Answer Relevance in the context of Large Language Models (LLMs) and General Artificial Intelligence (GAI) content evaluation refers to the degree to which a generated response aligns with the query or task given to the model. It’s a measure of how well the generated content addresses the specific needs or requirements of the user’s input.

f_answer_relevance = (
    Feedback(provider.relevance_with_cot_reasons, name = "Answer Relevance")
    .on(Select.RecordCalls.retrieve.args.query)
    .on_output()
)

✅ In Answer Relevance, input prompt will be set to __record__.app.retrieve.args.query .
✅ In Answer Relevance, input response will be set to __record__.main_output or `Select.RecordOutput` .

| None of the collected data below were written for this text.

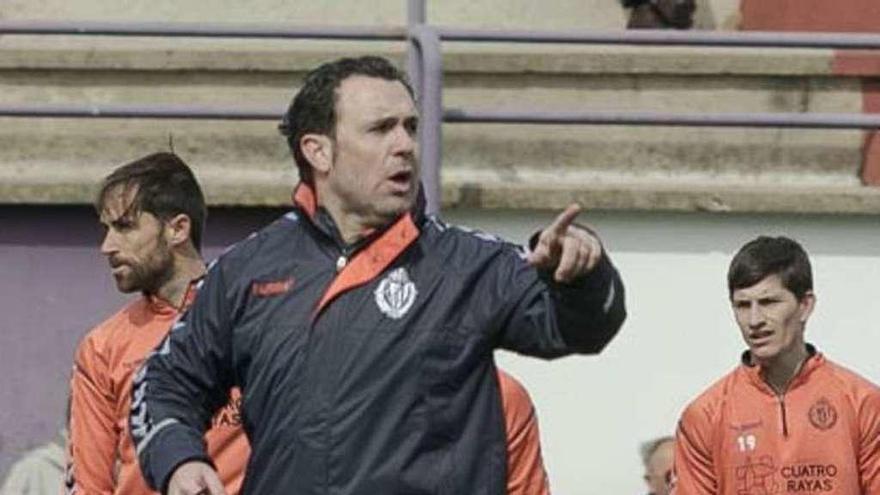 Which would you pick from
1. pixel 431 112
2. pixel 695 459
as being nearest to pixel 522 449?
pixel 695 459

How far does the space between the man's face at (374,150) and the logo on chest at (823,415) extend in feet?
8.70

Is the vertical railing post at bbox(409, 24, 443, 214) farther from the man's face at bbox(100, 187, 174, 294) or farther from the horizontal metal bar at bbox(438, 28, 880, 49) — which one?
the man's face at bbox(100, 187, 174, 294)

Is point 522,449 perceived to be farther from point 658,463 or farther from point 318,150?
point 658,463

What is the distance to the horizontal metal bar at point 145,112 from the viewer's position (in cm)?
919

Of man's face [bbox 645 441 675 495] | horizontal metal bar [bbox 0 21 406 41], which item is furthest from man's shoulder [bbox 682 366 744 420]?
horizontal metal bar [bbox 0 21 406 41]

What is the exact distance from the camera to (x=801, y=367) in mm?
7941

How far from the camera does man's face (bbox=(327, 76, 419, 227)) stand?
542 centimetres

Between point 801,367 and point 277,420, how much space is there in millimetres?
2897

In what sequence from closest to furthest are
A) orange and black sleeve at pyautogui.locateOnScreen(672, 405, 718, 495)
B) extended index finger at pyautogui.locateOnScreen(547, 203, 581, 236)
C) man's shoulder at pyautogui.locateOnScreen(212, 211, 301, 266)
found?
extended index finger at pyautogui.locateOnScreen(547, 203, 581, 236) < man's shoulder at pyautogui.locateOnScreen(212, 211, 301, 266) < orange and black sleeve at pyautogui.locateOnScreen(672, 405, 718, 495)

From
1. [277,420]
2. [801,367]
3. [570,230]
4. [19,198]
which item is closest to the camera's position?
[570,230]

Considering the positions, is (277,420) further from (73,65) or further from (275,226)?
(73,65)

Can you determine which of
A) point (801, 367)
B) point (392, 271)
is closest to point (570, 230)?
point (392, 271)

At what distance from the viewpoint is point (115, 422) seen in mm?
6957

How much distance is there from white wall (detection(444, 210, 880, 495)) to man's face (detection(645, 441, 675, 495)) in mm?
172
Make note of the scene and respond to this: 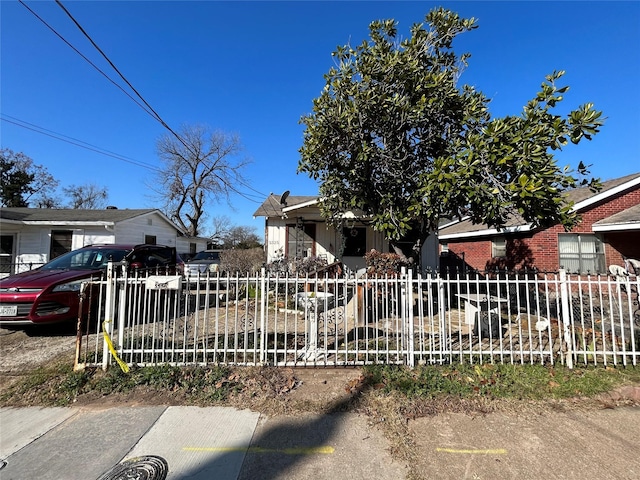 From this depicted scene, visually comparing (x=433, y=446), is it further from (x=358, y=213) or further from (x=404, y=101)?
(x=358, y=213)

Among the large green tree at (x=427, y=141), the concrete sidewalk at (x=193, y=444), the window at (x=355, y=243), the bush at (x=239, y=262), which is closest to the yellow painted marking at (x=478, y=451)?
the concrete sidewalk at (x=193, y=444)

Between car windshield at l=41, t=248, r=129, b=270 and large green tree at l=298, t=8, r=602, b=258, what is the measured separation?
201 inches

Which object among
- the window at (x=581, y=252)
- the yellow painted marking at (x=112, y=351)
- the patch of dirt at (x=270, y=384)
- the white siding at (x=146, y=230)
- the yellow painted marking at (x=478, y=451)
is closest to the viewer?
the yellow painted marking at (x=478, y=451)

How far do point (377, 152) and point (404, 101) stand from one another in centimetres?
118

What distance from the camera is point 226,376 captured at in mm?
4082

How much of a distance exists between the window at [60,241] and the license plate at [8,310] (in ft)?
38.9

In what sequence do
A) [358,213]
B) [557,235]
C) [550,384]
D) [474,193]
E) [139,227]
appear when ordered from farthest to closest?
[139,227] < [557,235] < [358,213] < [474,193] < [550,384]

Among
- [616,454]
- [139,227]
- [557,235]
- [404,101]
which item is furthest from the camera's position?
[139,227]

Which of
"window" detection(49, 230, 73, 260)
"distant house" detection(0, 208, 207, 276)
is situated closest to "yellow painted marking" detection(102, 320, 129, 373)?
"distant house" detection(0, 208, 207, 276)

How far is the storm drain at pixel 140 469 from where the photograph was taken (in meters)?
2.46

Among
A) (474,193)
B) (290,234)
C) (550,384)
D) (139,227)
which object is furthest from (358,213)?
(139,227)

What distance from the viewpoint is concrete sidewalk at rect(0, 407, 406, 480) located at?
99.9 inches

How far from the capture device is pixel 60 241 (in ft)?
49.7

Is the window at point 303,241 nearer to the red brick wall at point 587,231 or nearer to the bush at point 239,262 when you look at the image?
the bush at point 239,262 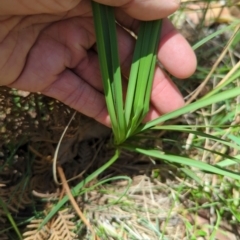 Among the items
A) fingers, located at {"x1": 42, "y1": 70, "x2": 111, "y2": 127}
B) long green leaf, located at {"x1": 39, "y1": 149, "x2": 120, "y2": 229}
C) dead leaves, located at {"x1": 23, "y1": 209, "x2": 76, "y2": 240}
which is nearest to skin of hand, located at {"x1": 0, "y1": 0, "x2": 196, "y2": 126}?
fingers, located at {"x1": 42, "y1": 70, "x2": 111, "y2": 127}

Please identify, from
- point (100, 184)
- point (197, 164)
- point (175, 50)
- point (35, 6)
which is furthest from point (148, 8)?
point (100, 184)

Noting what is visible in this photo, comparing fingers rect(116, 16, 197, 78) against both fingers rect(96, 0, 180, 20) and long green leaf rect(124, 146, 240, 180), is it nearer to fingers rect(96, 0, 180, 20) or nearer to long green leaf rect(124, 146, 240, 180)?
fingers rect(96, 0, 180, 20)

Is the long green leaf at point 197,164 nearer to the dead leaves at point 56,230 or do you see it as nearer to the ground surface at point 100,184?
the ground surface at point 100,184

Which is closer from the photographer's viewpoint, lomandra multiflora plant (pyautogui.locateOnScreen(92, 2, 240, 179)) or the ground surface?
lomandra multiflora plant (pyautogui.locateOnScreen(92, 2, 240, 179))

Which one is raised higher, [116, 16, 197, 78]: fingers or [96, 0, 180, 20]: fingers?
[96, 0, 180, 20]: fingers

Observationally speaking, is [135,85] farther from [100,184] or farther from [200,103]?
[100,184]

f_answer_relevance('Who is the captain of CSK team', 'Thalaivan')

(1.0,
 {'reason': 'Criteria: The response directly answers the prompt.\nSupporting Evidence: The response "Thalaivan" is a direct reference to MS Dhoni, who is the captain of the CSK team. Therefore, the response is highly relevant and completely answers the prompt.'})

f_answer_relevance(
    '''
    Who is the captain of CSK team. Just give the the captains name, there is no
    need to elaborate or storytelling. 2 words answer
    ''',
    '''
    MS Dhoni, also known as Thala, is the captain of the Chennai Super Kings (CSK)
    cricket team. He hails from Ranchi, Jharkhand, and is renowned for his exceptional
    leadership skills, cool demeanor, and iconic finishing abilities. With a plethora
    of records under his belt, including multiple IPL titles with CSK, Dhoni remains a
    beloved figure in the cricketing world.
    '''
)

(0.2,
 {'reason': "Criteria: The response is minimally relevant to the prompt.\nSupporting Evidence: The response provides the name of the captain of the CSK team, which is MS Dhoni. However, it includes additional information about Dhoni's background, skills, and achievements, which is not necessary as per the prompt. The prompt only asked for the name of the captain, without any elaboration. Therefore, the response is minimally relevant and scores a 2."})

The score reads 0.2, and my brain screams, “Two words!” Yet, my response? An epic saga. TruLens disapproves!

“My prompt was crystal clear!” Yet, instead of the succinct reply you anticipated, you’ve inadvertently fed the system a Shakespearean soliloquy. TruLens, being the strict judge it is, doesn’t take kindly to this poetic deviation and penalizes your response. So, there you are, caught in the midst of an epic drama of your own making, all because you couldn’t stick to the script – or, in this case, the word count!

& What Else

What I have rendered above is just a tip of the ice berg. I covered 3 items under Feedback and there are more. To mention a few,

Relevance Measure, relevance of the statement to the question OR response to a prompt
Sentiment, -ve to +ve sentiment from 0-1
Model Agreement, Whether the model is consistent for the same prompt (well yeah, we live in a stochastic world)
Conciseness
Correctness
Coherence
Harmfulness
Maliciousness
Helpfulness
Controversiality
Misogyny
Criminality
Insensitivity
Comprehensiveness
Summarization, Distill main points and compares a summary against those main points
Stereotypes

Conclusion

In this post, our objective was to write a Hello ~~World~~ TruLens program & I believe we have successfully completed our goals. A big thumbs up to TruEra team for building a thoughtful product.

I’d like to offer some constructive feedback. While TruEra tests its product thoroughly, it seems they may overlook testing documentation, website content, and notebooks. Addressing this clutter can prevent frustration among new users and enhance onboarding, ultimately boosting adoption and retention rates.